A lot of thinking to do…

It’s been a while since I posted – things have been pretty similar as far as Sofa Guy comes.  My birthday was a complete disaster with him losing a bet and saying he was leaving… I thought great, just what I need on my birthday and questioned him as to why he was treating me like this.  He apologised quickly and said he wouldn’t have left me on my birthday…

Which brings me back to now…  Sofa Guy was on a stag weekend last weekend and I was going out of my mind with worry.  I had been a good little girlfriend and given him suncream and a prepaid VISA card with £100 on it (i’ll get to that in a bit) and the whole time he was away I was paranoid he was going to cheat on me.  I spent the weekend with a good friend of mine and we ended up going shopping and going out on the piss.  Whilst we were in the bar I got very tearful which quickly passed as I wandered to the bar to pick up a couple of bottles of champagne.

A guy at the bar asked me what I was celebrating.. I said “that I’m alive” and left it at that.  He and his friends followed me back to my table where we were sitting and joined us.  I paid no attention whatsoever to these guys as I just wasn’t interested.  I love Sofa Guy, I don’t want anyone else.  I noticed that all of these guys were wearing wedding rings.  One guy told me it wasn’t a wedding ring so I took it off and noticed the inscription of his name with his wife’s.  The creepy man who was sitting inbetween me and my friend kept putting his hand up my back and I asked him to stop.  He persisted on how great my tits were and how much he wanted to snog / touch / fuck me.  I told him he should be ashamed of himself with his wife and 5 year old daughter at home and what hope did it give me with my boyfriend in Spain on a stag party when we’re not even engaged.  He simply answered he’s probably fucking someone right now.

In the end I snogged two of the guys just to get rid of them. They wouldn’t leave us alone.  I hated every second of it… they were both really shit snogs and I felt so guilty and terrible afterwards I burst into tears when they left the table.  The sensible guy must have noticed because he came back over, apologised and said that none of them would have ever taken it any further than a snog and that my boyfriend wouldn’t be doing anything behind my back because he knows what he has got at home.  I was so drunk that night we came home on the early train and I passed out with my best friend looking after me at home.

Sofa Guy came back on sunday and I was out.  I wasn’t expecting him back until midnight if he even bothered to come back to mine, so imagine my surprise when I get a text message from my ex telling me that he is in my bedroom waiting for me.  When I got back I was very happy.
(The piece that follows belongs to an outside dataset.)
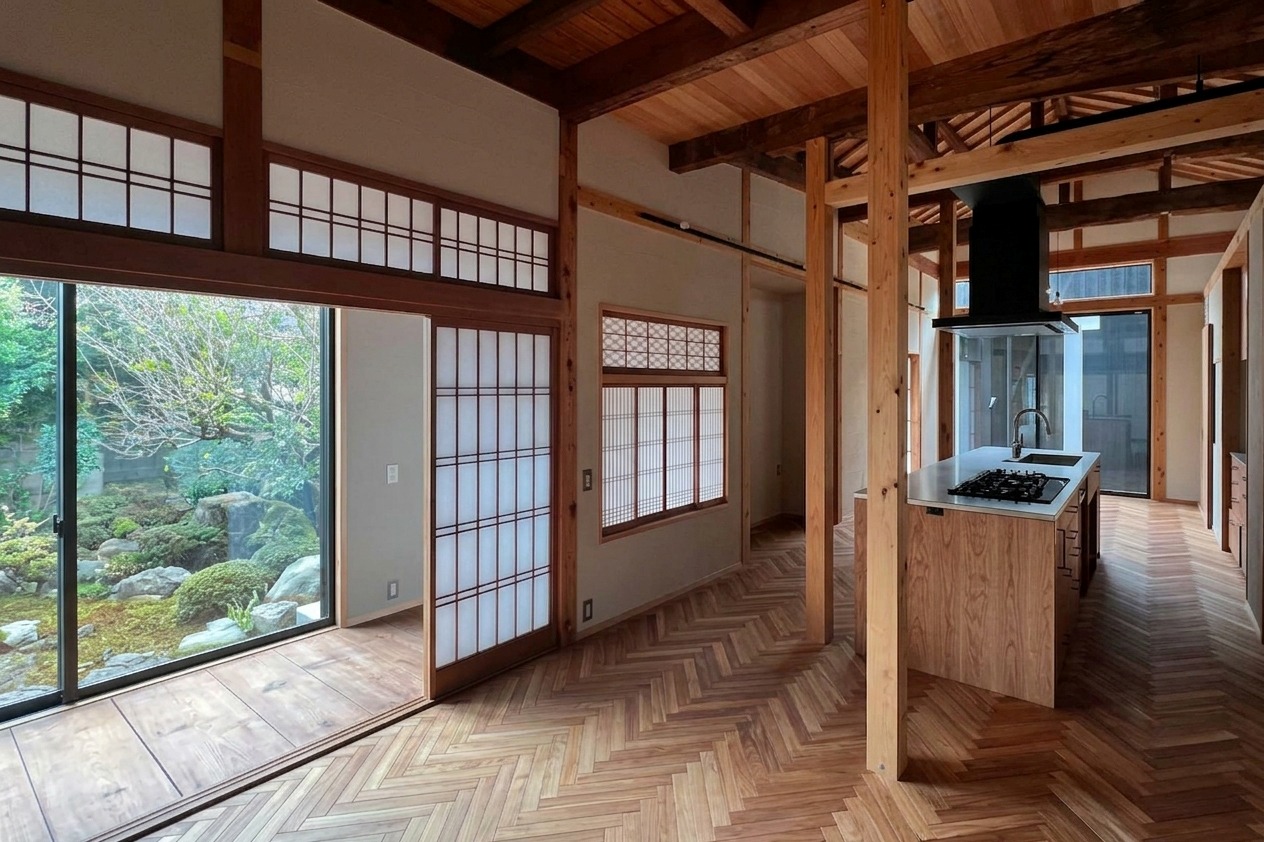 和室の設えや古い無垢材・架構の持つ力強さ・大らかさと、現代的な生活や性能とが歪み合うことなく共存共鳴できるような在り方。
I looked fantastic if I do say so myself and had spent 5 hours with my sister and one of her friends on the vino.  We spent an amazing evening with lots of kisses, cuddles and “I missed you’s” and I’m pretty certain he didn’t do anything.  The visa card is another story – it had expired the month before so he couldn’t use it.  Good for me eh!

Anyway, today things aren’t so rosy.  I have no idea how he truly feels.  He tells me i’m the girl he wants and that he is very happy with me but the slightest thing that I do wrong, such as make a comment about a television program that he thinks is “dense” or liking a certain type of music and he jumps down my throat.I have to really think about what I want from this relationship and if indeed I want this for the rest of my life if he chooses to stick around.  Do I really want someone who goes out every weekend?  Do I want someone who play fights and actually hurts sometimes?  Do I want someone who drinks every single day, up to 3 bottles of wine by himself?  Do I want someone who is out of work?

Lots of thinking to do!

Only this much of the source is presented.